> [Task item] Once the line containing "2022 Audi Q5 TFSI e" is found in the listing below, return it and each line after it through the last, exactly as given.

--- Dataset section Enclosed Below ---

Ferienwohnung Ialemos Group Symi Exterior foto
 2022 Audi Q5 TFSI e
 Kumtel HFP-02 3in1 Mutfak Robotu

--- End of Enclosed Dataset section ---

> [Exercise answer]
 2022 Audi Q5 TFSI e
 Kumtel HFP-02 3in1 Mutfak Robotu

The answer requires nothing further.